1. Horizontal integration
Horizontal Integration involves a merger or takeover with a firm in the same market at the same stage of production
E.g., a clothing retailer takes over another clothing retailer
Benefits may include:
increased market share
reduced competition
greater economies of scale
2. Forward vertical integration
involves a merger or takeover with a firm further forward in the supply chain
E.g., a dairy farmer merges with an ice-cream manufacturer
Benefits of forward vertical integration
Greater control over distribution and sales
The firm can control how products are marketed, priced and sold to consumers
Higher profit margins
By removing intermediaries such as wholesalers or retailers, the firm keeps a larger share of the final sale price
Better market information
Direct contact with consumers provides insights into customer preferences and demand trends
Case Study
Context
Apple produces products such as the iPhone, iPad and Mac computers. In many technology markets, manufacturers rely on independent retailers or network providers to sell their products.

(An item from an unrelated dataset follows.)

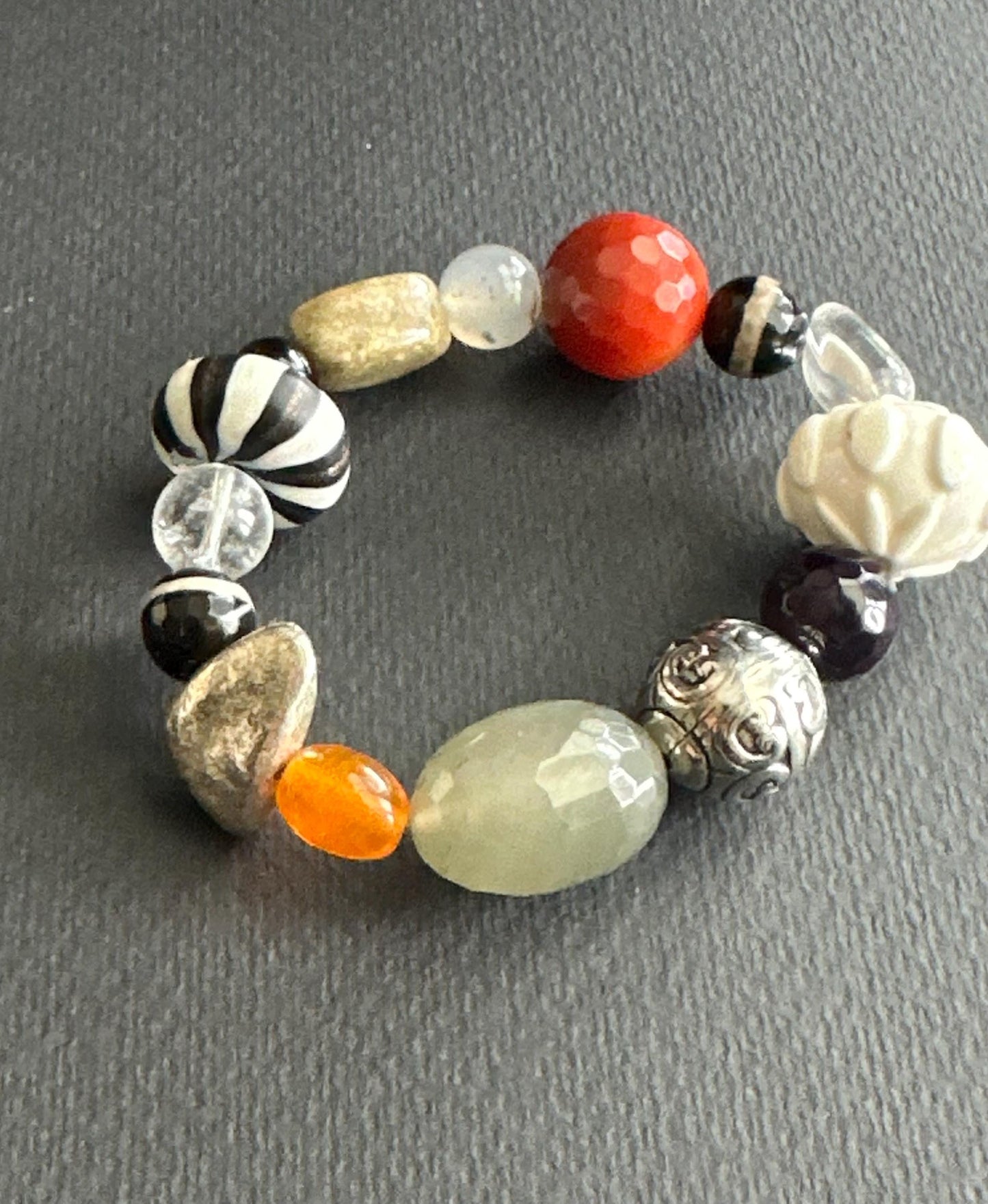 White, Orange, Green, Black & Silver Mixed Material Statement Bracelet – One of a Kind (OOAK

This limits the firm’s control over pricing, marketing and customer experience.

Growth strategy
Apple pursued forward vertical integration by expanding its own network of Apple Stores and online retail platforms. By selling directly to consumers, Apple moved forward in the supply chain, taking control of the distribution and retail stages. This allowed the firm to manage how its products are displayed, marketed and supported.
Outcome
This strategy has helped Apple maintain strong control over branding, pricing and customer experience. Apple also benefits from higher profit margins, as it no longer shares revenue with independent retailers. Direct contact with consumers also provides valuable market information about customer preferences.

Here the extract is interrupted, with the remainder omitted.